There is increasing evidence highlighting how regular consumption of fermented foods can have mental health benefits backing up what our ancestors knew all along: One study showed how fermented soymilk intake improved learning and memory, another showed that high consumption of tempeh had a positive impact on memory and other studies have linked consumption of fermented foods to improved mood and cognition (1). Another study showed that consumption of a fermented dairy product for four weeks affected activity of brain regions controlling central processing of emotions and sensation (3). Consuming fermented foods and herbs can help restore a healthy microbiome, normalise the gut-brain axis and optimise mental health.
The consumption of fermented foods, rich in beneficial bacteria, can help replenish the gut microbiome and reduce intestinal permeability. Fermentation modulates the chemical constituents, improving the activity and bioavailability of foods and herbs. A number of studies have reported the fermentation process as enriching bioactive peptides and creating phytochemicals which may enhance their neuroprotective effects (4). Fermentation also increases bioavailability, and modulates the release of neurotransmitters such as BDNF, GABA and serotonin which are reported to be involved in learning and memory (4).

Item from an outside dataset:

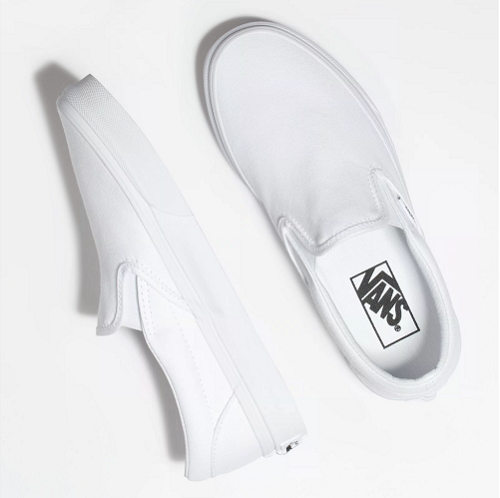 Squid Game, Vans Slip On, รองเท้าสลิปออนสีขาว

A return to ancestral fermented food consumption could be an effective intervention for mental health disorders. There are many foods and herbs within traditional dietary patterns that when fermented offer excellent cognitive health benefits. One of the most effective herbs for the brain is Holy Basil which contains compounds that balance stress hormones and support the nervous and immune system. Studies have found it decreases stress hormone levels, in particular corticosterone, the reduction of which improves cognitive functioning. Lions Mane mushroom also supports brain function as it stimulates the production of nerve growth factor (NGF) which helps to maintain the neurons, which are brain cells responsible for helping us to process and transmit information, aiding learning and memory. Traditionally consumed foods and herbs like Holy Basil, Gotu Kola, Turmeric and Green Tea are packed with antioxidants and offer much promise for supporting cognitive health, and their enhanced bioavaiblity via fermentation may be an important factor to use these food and herbs as medicine (1).
Fermentation offers substantial benefits to cognitive health, from the magnified antioxidant and anti-inflammatory activity, reduction of intestinal permeability, positive influence on nutritional status, direct production of GABA and other bioactive chemicals (1). We are only just beginning to scratch the surface in our understanding of the relationship between the microbiome and brain health, but fermented foods may be the key link in the gut-brain axis and overall cognitive health.
1: Selhub EM, Logan AC, Bested AC. Fermented foods, microbiota, and mental health: ancient practice meets nutritional psychiatry. Journal of Physiological Anthropology. 2014;33(1):2. https://www.ncbi.nlm.nih.gov/pmc/articles/PMC3904694/
2: Reddy, BL and Saier, MH. Autism and Our Intestinal Microbiota. Journal of Molecular Microbiology and Biotechnology. 2015;25 51-55. https://www.karger.com/Article/FullText/375303
3: Tillisch K, Labus J, Kilpatrick L, et al. Consumption of Fermented Milk Product With Probiotic Modulates Brain Activity. Gastroenterology. 2013;144(7):10.1053/j.gastro.2013.02.043. doi:10.1053/j.gastro.2013.02.043.
4: Kim B, Hong VM, Yang J, et al. A Review of Fermented Foods with Beneficial Effects on Brain and Cognitive Function. Preventive Nutrition and Food Science. 2016;21(4):297-309. doi:10.3746/pnf.2016.21.4.297.